Web page caption snippets:
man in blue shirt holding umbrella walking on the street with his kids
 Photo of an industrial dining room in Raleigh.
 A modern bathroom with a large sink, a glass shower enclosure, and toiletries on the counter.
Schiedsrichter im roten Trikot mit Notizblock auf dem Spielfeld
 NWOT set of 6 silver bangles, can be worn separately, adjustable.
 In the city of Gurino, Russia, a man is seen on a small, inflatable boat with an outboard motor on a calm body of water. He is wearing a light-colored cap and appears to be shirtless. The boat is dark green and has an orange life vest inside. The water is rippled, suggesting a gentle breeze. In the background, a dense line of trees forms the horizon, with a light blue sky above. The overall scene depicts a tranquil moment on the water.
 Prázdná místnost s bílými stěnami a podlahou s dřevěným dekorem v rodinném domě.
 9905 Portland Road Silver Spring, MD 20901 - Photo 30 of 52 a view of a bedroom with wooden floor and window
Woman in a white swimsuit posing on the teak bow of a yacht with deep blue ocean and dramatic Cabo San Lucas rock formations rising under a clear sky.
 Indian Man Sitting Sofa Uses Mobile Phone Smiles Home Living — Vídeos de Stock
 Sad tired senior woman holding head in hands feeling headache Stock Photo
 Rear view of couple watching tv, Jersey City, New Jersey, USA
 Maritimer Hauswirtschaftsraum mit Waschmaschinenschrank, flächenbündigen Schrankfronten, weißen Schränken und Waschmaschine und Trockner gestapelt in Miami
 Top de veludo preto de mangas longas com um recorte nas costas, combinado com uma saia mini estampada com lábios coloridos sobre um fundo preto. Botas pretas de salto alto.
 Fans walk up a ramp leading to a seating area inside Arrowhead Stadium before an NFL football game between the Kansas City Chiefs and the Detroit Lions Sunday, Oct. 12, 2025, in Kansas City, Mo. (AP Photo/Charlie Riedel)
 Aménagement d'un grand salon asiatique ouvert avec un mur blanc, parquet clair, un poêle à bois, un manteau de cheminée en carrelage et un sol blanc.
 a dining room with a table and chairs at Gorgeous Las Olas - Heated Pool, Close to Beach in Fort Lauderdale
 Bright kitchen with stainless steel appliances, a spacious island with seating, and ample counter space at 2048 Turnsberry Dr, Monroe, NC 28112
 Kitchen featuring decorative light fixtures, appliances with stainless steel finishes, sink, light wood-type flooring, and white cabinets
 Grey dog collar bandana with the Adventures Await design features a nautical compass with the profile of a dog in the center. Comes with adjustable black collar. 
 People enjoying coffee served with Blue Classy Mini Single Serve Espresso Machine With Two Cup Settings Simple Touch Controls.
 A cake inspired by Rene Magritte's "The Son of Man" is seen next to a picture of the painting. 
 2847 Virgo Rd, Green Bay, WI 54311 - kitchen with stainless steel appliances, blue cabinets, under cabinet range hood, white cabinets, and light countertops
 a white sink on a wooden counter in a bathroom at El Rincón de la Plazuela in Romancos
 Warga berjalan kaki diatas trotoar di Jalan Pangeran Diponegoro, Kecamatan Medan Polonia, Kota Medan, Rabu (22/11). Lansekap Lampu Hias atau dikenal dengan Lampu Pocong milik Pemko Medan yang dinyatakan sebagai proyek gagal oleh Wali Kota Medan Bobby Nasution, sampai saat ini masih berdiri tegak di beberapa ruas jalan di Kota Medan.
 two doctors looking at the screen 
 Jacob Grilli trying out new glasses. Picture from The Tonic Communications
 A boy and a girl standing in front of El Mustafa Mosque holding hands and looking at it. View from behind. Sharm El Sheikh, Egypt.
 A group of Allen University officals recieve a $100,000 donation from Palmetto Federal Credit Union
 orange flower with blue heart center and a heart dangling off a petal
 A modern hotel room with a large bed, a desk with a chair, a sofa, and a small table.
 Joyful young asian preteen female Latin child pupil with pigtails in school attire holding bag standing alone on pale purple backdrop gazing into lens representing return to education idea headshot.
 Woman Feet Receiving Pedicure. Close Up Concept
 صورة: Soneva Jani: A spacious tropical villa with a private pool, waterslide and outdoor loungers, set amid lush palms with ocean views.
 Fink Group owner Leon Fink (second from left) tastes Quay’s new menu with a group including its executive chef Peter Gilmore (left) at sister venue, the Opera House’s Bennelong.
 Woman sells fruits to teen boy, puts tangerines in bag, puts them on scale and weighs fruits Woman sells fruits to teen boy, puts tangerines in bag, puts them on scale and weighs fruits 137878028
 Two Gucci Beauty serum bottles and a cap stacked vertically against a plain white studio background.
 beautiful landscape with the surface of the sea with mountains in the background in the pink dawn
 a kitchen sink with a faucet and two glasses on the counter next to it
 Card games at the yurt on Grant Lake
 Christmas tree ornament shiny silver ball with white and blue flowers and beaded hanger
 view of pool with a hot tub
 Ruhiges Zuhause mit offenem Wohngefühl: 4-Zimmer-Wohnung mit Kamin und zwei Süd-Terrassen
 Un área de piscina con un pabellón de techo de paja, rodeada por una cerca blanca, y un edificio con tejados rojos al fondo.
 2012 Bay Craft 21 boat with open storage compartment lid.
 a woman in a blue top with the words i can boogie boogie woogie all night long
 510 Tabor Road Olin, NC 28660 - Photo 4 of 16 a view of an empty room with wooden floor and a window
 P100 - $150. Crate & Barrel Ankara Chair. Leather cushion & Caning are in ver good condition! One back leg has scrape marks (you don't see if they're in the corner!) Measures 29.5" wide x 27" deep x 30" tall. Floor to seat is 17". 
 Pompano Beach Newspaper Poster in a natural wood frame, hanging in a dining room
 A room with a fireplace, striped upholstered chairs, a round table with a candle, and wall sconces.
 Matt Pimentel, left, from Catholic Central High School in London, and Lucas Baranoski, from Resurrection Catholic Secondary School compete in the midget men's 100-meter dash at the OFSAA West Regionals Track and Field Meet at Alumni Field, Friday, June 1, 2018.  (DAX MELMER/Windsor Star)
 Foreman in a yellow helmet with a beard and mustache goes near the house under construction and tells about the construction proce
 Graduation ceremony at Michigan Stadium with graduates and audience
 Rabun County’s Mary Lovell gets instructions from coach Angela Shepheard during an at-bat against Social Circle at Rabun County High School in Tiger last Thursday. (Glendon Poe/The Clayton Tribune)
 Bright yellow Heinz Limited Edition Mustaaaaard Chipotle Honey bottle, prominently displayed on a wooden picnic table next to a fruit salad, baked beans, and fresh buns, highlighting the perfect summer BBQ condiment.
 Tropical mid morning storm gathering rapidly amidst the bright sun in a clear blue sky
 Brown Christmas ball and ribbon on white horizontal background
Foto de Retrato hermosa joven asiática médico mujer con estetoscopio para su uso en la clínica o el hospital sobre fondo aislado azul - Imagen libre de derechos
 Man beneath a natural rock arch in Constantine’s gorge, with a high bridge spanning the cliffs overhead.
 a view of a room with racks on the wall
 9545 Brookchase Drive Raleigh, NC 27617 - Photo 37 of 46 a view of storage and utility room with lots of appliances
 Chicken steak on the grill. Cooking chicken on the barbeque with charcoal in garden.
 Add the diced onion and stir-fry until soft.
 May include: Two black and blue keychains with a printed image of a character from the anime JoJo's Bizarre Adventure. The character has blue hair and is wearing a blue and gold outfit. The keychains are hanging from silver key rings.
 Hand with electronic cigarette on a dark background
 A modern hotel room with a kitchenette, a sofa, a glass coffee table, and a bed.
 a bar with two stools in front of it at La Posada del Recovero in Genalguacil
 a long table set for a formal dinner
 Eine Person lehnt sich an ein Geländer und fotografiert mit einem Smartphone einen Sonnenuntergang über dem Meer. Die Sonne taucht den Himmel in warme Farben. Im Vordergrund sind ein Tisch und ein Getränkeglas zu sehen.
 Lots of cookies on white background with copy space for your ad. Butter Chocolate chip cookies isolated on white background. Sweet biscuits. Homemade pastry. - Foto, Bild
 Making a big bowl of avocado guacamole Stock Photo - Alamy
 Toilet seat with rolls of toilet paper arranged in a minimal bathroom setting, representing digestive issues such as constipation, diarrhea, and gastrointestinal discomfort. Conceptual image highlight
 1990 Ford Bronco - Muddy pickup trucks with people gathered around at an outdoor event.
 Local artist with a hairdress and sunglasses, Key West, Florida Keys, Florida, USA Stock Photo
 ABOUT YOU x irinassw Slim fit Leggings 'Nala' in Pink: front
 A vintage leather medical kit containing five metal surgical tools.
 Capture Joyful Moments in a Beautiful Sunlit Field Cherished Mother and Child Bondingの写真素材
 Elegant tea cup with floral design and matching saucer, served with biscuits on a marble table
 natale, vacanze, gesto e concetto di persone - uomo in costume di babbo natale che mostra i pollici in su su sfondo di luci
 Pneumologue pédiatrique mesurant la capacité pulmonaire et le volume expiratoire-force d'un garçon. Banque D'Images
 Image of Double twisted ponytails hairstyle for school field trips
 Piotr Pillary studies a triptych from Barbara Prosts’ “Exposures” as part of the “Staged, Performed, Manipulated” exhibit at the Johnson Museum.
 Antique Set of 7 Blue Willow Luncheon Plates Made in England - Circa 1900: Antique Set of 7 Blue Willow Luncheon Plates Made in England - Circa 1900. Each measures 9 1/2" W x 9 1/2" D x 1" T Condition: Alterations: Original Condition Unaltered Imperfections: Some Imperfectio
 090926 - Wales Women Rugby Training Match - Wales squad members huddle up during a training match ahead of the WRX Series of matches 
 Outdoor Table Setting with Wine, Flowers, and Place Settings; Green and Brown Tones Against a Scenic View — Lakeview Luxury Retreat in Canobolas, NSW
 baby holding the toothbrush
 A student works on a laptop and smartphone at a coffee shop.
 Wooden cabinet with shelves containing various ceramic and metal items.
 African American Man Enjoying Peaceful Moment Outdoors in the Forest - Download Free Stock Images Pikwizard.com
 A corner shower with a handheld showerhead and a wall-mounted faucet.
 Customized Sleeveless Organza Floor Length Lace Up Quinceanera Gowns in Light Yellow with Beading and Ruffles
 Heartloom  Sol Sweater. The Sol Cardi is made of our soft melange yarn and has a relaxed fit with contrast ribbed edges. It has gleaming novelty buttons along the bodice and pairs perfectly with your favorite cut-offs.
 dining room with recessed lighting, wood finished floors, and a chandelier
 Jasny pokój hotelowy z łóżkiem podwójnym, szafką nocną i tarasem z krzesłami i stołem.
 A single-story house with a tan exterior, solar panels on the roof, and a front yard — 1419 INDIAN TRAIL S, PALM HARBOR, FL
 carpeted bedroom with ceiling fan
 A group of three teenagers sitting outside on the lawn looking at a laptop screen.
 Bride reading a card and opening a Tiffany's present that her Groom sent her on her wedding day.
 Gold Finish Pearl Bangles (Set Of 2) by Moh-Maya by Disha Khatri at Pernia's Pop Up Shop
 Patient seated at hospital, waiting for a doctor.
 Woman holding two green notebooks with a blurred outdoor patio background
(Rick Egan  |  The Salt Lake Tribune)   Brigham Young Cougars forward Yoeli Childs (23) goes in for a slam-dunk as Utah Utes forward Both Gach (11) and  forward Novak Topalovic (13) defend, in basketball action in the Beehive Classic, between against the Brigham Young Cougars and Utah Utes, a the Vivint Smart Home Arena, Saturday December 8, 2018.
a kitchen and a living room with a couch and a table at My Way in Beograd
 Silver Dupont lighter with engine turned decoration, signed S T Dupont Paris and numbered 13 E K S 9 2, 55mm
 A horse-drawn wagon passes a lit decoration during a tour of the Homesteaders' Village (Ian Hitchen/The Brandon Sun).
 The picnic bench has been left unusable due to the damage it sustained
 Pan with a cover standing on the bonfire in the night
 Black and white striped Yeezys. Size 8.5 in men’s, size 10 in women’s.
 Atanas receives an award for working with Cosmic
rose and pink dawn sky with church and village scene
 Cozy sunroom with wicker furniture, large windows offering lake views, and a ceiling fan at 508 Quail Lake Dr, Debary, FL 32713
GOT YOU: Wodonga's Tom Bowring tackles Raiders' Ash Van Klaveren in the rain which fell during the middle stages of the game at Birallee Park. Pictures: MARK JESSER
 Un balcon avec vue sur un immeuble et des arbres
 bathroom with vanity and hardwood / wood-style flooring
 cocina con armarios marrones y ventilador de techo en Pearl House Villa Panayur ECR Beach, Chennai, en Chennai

WORK REQUEST: Check every line of the records, and copy the ones that hold the word "bathroom".

TASK OUTPUT:
 A modern bathroom with a large sink, a glass shower enclosure, and toiletries on the counter.
 a white sink on a wooden counter in a bathroom at El Rincón de la Plazuela in Romancos
 Toilet seat with rolls of toilet paper arranged in a minimal bathroom setting, representing digestive issues such as constipation, diarrhea, and gastrointestinal discomfort. Conceptual image highlight
 bathroom with vanity and hardwood / wood-style flooring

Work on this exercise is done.